The invention is generally directed to constructions of multi-layer gloves and, in particular, multi-layer gloves including waterproof, windproof and/or breathable membranes between inner liners and outer shells. The invention is also generally directed to an improved method of constructing multi-layer gloves so as to secure the waterproof, windproof and/or breathable membrane so that the layers adhere properly to the membrane layer and prevent reversing of the layers upon removal of the hands from the glove or mittens and can be rapidly and efficiently assembled.
In the past, there have been various problems associated with the constructions of multi-layer gloves, such as ski or snowboarding gloves in which a middle layer is formed of a membrane layer which is generally, waterproof, windproof and/or breathable, such as GORE-TEX®, AQUABLOC, or other commercially available membrane layers. Generally, these membrane layers are rather thin and susceptible to ripping and puncturing. In the event that the layer is punctured or even pierced by stitching, the barrier formed by this membrane layer is breached and the layer ceases to effectively act in a waterproof fashion.
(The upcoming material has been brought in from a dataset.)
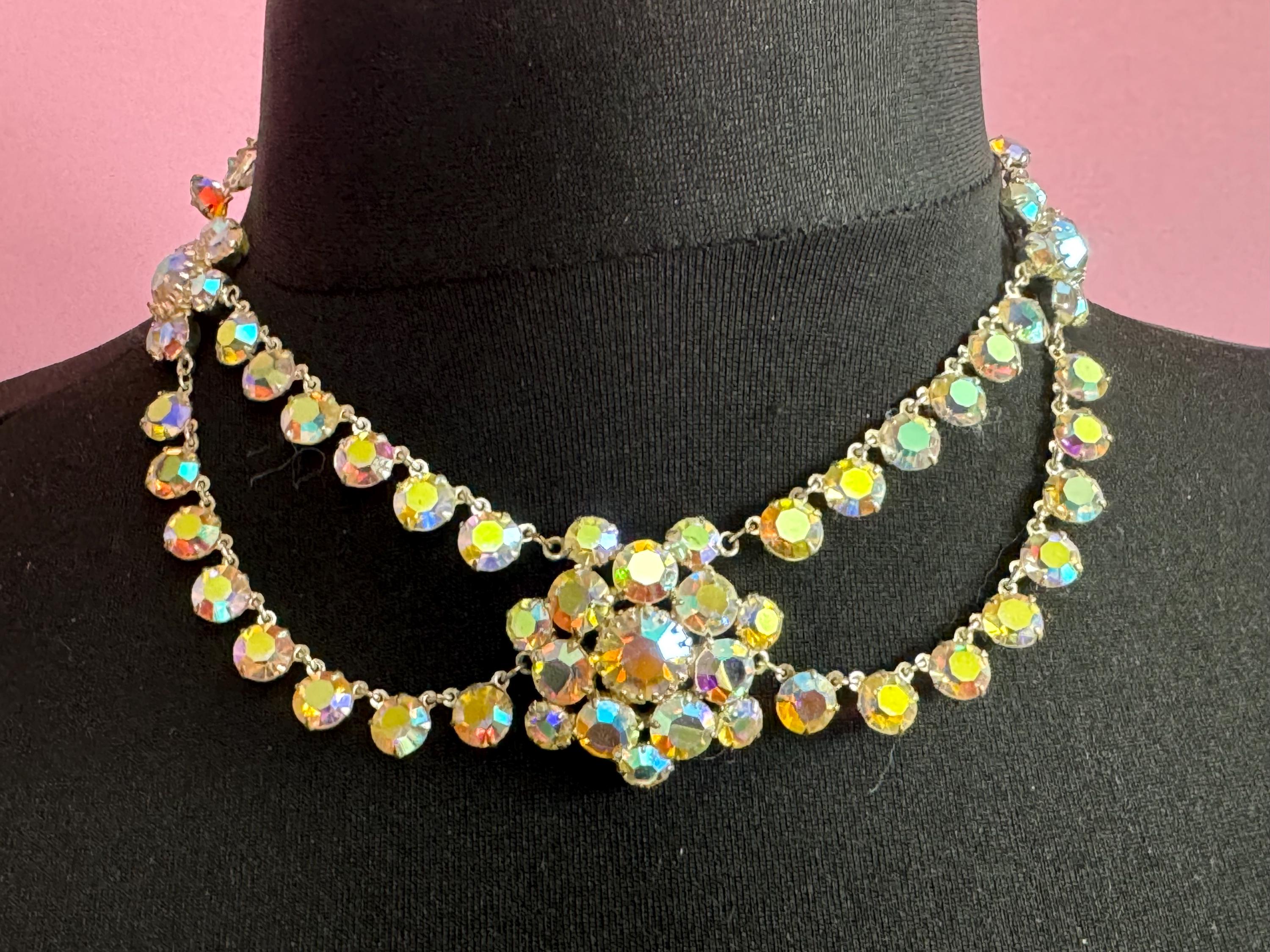 Vintage AB Aurora borealis rainbow glass open back crystal rivière bezel set swag bib  necklace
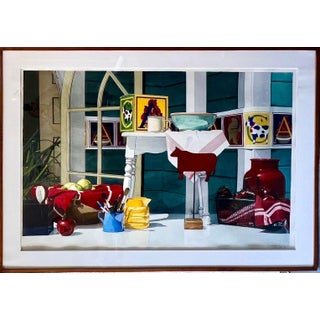 Michael Beck, Large Photo Realist Pop Art Watercolor Painting Children's Toys Teddy Bear Block, 1986 For Sale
A further difficulty existing in the multi-layer constructions of this sort results from the two dimensional nature of the membrane layer, which is generally formed as two flat patterns which are heat sealed around their parameter. On the contrary, the inner liner and generally, the outer shell are formed as three dimensional, pre-curved glove forms. This has the effect of mis-aligning the essentially two dimensional light membrane liner with the inner liner and outer shells of the glove, particularly at the thumb area where the insert is forced around to the palm side.
An even greater problem is the tendency of the inner liner to reverse relative to the membrane layer; particularly when the wearer's hands are sweaty and tend to adhere to the inner liner. When the inner liner reverses this causes numerous problems. First, the very thin and fragile membrane layer may tear, thereby breaking the membrane barrier and rendering the membrane layer useless. Second, even if the membrane layer does not rip, reversing the inner liner back into its intended orientation is extremely difficult, time consuming and precise work not suitable to be accomplished under the adverse conditions gloves are often worn in. Third, if the hand is then thrust back into the glove in an effort to put the reversed inner liner back into the finger stalls it is likely not to fit and would probably damage the membrane layer. Fourth, in a rush to push the inner liner into the finger stalls it is easy to get the inner liner trapped so that the glove is essentially unusable.
Various solutions in the prior art have been utilized to resolve this problem, none of which have been completely satisfactory. Use of wet and dry glues and various forms of application are common attempts to incorporate heat sensitive stripes in the fingertips. This has been tried, but these do not hold well and do not address the problem of stabilizing the two dimensional insert in proper juxtaposition to the three dimensional glove/mitt form.
Accordingly, there is a need for an improved construction and method of construction of multi-layer gloves incorporating a waterproof, windproof and/or breathable membrane layer without piercing the barrier layer formed by the membrane or securing the membrane layer to the inner liner with an adhesive at the fingertips which renders the glove and particularly the inner liner and membrane layer essentially irreversible.
It is an object of the invention to provide an improved construction for a multi-layer glove incorporating an inner liner, intermediate waterproof, windproof and/or breathable membrane layer and an outer shell in which the inner liner and membrane layer are secured to each other by use of an adhesive system which provides a secure fit between the layers and inhibits the reversibility of layers when the hand is removed from the glove, as well as inhibiting the movement of the crotch regions of the membrane layer from moving away from the crotch regions of the inner liner during use.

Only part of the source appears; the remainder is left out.